Monday 21 October 2013

Power at any cost

It was announced today that a new nuclear energy plant is to be built in Britain, a development described by the government as ‘historic’. Well, it is historic but perhaps not in ways that give any great cause for celebration. It is the first time that a nuclear power station has been built in Britain not by the government but by private investors, principally state-owned companies in China and France. It is an extraordinary irony that the privatization of British electricity generation – on the basis of the supposed virtues of the private sector – has ended up with paying overseas public companies to do what used to be done by the British state. It is nevertheless underwritten by the British state: there is no risk for the investors both in the specific sense that they are guaranteed a future revenue stream set at twice the level of present prices and in the more diffuse sense that, ultimately, the state will be responsible for ensuring power supplies come what may.

The deal resembles the PFI deals extensively used for public investment in Britain and elsewhere over recent decades. In these, present private investment is paid for by guaranteed long-term future expensive payments from the public purse. Notionally risk is transferred from the state but that is indeed notional since, when public services are at stake, the risk ends up back with the government, as happened for example with the London Underground. PFI has been widely criticised for its poor value.

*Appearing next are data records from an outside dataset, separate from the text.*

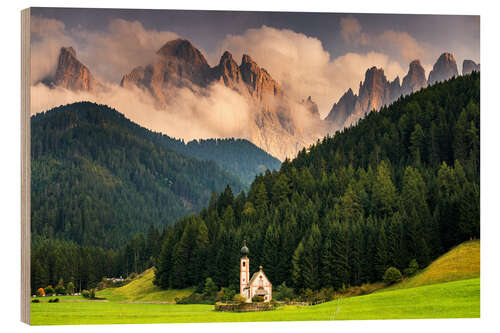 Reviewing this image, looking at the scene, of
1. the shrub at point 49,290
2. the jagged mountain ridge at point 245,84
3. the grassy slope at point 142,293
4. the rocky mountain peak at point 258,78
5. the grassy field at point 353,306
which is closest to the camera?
the grassy field at point 353,306

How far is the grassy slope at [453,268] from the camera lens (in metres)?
30.0

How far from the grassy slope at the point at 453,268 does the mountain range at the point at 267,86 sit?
733 cm

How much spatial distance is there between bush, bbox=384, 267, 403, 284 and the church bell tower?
538 cm

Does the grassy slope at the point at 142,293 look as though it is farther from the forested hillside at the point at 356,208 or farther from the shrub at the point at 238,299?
the shrub at the point at 238,299

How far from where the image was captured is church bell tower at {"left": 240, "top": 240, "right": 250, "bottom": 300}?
30156 mm

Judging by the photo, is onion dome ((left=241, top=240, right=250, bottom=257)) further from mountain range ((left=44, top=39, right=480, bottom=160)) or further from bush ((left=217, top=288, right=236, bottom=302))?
mountain range ((left=44, top=39, right=480, bottom=160))

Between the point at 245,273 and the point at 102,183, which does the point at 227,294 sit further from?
the point at 102,183

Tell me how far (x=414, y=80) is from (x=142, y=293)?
14.7 metres

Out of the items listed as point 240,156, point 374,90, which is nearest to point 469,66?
point 374,90

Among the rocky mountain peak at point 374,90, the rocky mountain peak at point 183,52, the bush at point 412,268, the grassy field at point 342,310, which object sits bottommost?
the grassy field at point 342,310

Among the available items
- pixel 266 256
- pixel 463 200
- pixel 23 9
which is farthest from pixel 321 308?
pixel 23 9

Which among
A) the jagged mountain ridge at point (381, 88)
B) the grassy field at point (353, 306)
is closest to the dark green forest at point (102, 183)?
the grassy field at point (353, 306)

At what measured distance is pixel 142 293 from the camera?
31062 millimetres

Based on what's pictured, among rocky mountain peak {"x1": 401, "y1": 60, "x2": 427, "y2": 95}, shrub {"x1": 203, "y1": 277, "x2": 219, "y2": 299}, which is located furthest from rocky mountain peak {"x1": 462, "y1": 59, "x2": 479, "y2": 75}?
shrub {"x1": 203, "y1": 277, "x2": 219, "y2": 299}
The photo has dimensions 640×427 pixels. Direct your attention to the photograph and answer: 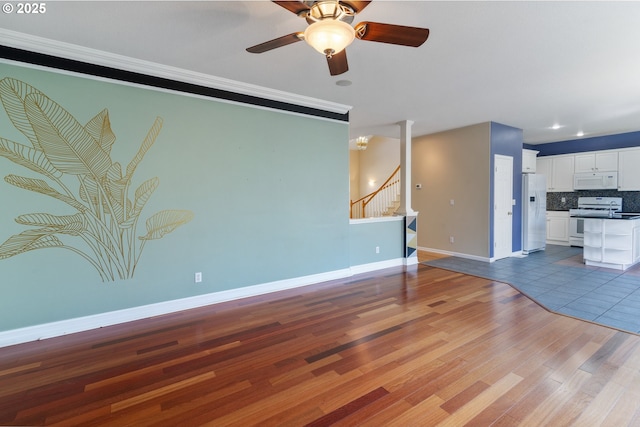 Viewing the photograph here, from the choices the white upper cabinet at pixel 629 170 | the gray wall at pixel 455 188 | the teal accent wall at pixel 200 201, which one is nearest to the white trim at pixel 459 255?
the gray wall at pixel 455 188

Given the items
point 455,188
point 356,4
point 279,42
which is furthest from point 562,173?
point 279,42

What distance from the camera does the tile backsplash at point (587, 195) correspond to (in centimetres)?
675

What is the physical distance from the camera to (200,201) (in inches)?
142

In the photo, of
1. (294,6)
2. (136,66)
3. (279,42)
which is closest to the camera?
(294,6)

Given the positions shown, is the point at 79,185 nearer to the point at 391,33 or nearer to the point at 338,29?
the point at 338,29

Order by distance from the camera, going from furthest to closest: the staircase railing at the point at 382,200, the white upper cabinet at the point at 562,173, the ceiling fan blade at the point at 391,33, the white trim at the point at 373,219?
the staircase railing at the point at 382,200 → the white upper cabinet at the point at 562,173 → the white trim at the point at 373,219 → the ceiling fan blade at the point at 391,33

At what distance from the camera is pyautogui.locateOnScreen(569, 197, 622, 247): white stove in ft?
22.7

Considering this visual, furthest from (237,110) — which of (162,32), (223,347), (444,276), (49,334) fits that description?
(444,276)

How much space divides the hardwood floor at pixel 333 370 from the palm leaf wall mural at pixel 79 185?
2.91 feet

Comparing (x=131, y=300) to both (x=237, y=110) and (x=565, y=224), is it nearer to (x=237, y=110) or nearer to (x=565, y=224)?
(x=237, y=110)

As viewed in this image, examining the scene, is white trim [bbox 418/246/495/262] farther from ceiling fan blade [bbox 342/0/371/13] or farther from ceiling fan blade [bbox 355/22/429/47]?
ceiling fan blade [bbox 342/0/371/13]

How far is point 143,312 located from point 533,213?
25.2ft

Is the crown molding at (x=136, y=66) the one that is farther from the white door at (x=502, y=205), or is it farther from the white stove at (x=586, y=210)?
the white stove at (x=586, y=210)

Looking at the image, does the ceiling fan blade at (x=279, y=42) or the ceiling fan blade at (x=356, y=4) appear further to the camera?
the ceiling fan blade at (x=279, y=42) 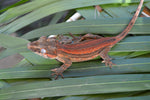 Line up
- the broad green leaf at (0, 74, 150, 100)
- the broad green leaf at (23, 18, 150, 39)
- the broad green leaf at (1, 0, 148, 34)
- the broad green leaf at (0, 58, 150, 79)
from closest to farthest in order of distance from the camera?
the broad green leaf at (0, 74, 150, 100)
the broad green leaf at (0, 58, 150, 79)
the broad green leaf at (23, 18, 150, 39)
the broad green leaf at (1, 0, 148, 34)

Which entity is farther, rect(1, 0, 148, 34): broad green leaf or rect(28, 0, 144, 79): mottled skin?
rect(1, 0, 148, 34): broad green leaf

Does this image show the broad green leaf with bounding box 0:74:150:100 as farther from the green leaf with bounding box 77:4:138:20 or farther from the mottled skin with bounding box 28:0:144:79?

It is difficult to overstate the folly of these kinds of deals, and not just financially. Thinking about energy in particular (but also transport, healthcare etc.) the idea that key, strategic, services can so casually be handed over by governments is breath taking. With PFI it could be understood as an infatuation with the private sector in line with neo-liberal ideology. But in the case of the new power station there is not even that explanation. Instead, it actually shows the bankruptcy – literally – of that ideology, because it shows that the shrivelled neo-liberal state has no option other than to bribe the state-owned companies of other countries to do what it no longer has the skills or the capital to do itself – whatever the cost.